鳥取県と京阪神を結ぶ「スーパーはくと」などを運行する第三セクター鉄道の「智頭急行」では、本日開催した株主総会で、特急「スーパーはくと」の車両について、5年程度での新型車両導入を目指していることを、同社の社長が報告したことが、山陰地方を拠点に置く各メディアで報じられています。

智頭急行(鳥取県智頭町智頭)の西尾浩一社長が3日、看板列車の特急スーパーはくと(京都ー倉吉間)の車両更新構想を明らかにした。開業から30年を迎えて老朽化しており、新型車両でより快適な旅を提供する。共同運行するJR西日本と協議に入っており、5年程度先の導入を目指す。

 同日、鳥取市内で開いた定時株主総会で報告した。

 鳥取県などが出資する第三セクターの同社は1994年12月に開業した。スーパーはくとは大阪ー鳥取間を2時間半で結ぶ速さが売り。2023年度は53万2573人が利用した。

 車両は34両あり、5両編成を基本に運用している。乗車率が平均40%程度であるのを踏まえ、編成を見直すなどして新型車両の数は絞る。どんな車両にするか、JRと協議を進めており、JRにも車両使用料として導入費を一部負担してもらう。

スーパーはくと車両更新へ 開業から30年、5年程度先の導入目指す 智頭急行 | 山陰中央新報デジタルより引用


運行開始から30年を迎える特急スーパーはくとの車両について4〜5年後の新型車両導入を目指してJRと協議を進めているということです。
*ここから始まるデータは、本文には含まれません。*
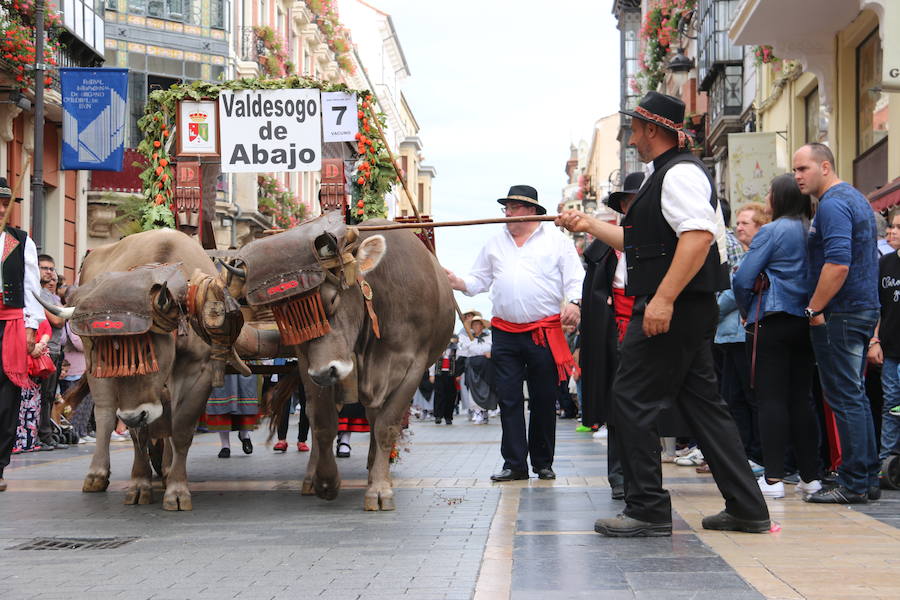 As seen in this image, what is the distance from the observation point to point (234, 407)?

現在、特急スーパーはくとの車両を34両を所有する智頭急行では、新型車両の導入に1台当たり4〜5億円かかるため、利用実態に合わせて車両数を減らす方針でハイブリッド車両を候補に検討をすすめています。

特急スーパーはくと 4〜5年後の新車両導入へ JRと協議中と発表 ハイブリッド車両を候補に検討 鳥取県・智頭急行|日本海テレビNEWS NNNより引用


上記の報道内容を総括しますと、「スーパーはくと」新型車両の概要は以下のとおりと考えられます。
・新型車両は、今後5年程度(2029年頃?)での導入を目指す
・乗車率が平均40%程度であるのを踏まえ、編成を見直す等新型車両の投入数を絞る(現在の車両数は34両)
ハイブリッド車両を候補に検討を進めている


現在「スーパーはくと」で運用されている智頭急行「HOT7000系」は、1994年の智頭急行開業当時より運用され、今年で丁度30年を迎えます。
これまでリニューアル工事は実施されてきたとはいえ、流石に30年も使用し続けていると老朽化も進んできているのは否めません。

智頭急行では、今年3月16日購入分より同社内の特急料金を値上げしていますが、ここでも、「特急車両の更新を進めていく必要がある時期」を踏まえて値上げを実施することを理由の一つとして挙げています。
(参考)


このように、「スーパーはくと」車両の更新の時期は、遠からずやってくるものと考えられていましたが、本日の株主総会では、その新型車両の構想が少しは明らかになったものといえます。

その中でも特徴は、「ハイブリッド車両の導入」で、既に様々な列車で採用実績のあるハイブリッド車両をこの「スーパーはくと」でも導入することを視野に入れているようです。

「ハイブリッドの特急車両」といえば、2022年度より特急「ひだ」「南紀」に導入されたJR東海・HC85系が挙げられます。
一方、現行のHOT7000系では、カーブを高速で通過する振り子機能を有していますが、新型車両にもこの振り子機能が搭載されるのか、あるいはJR四国2600系のような「空気ばね式車体傾斜機構」を備えたりするのか、色々と気になるところであります。
(参考)
車両情報<2600系特急気動車>:JR四国

ともあれ、本日社長より明言のあった「スーパーはくと」新型車両導入。
今後、どのような車両が登場していくのか、続報も逐次ご紹介していきたいと思います。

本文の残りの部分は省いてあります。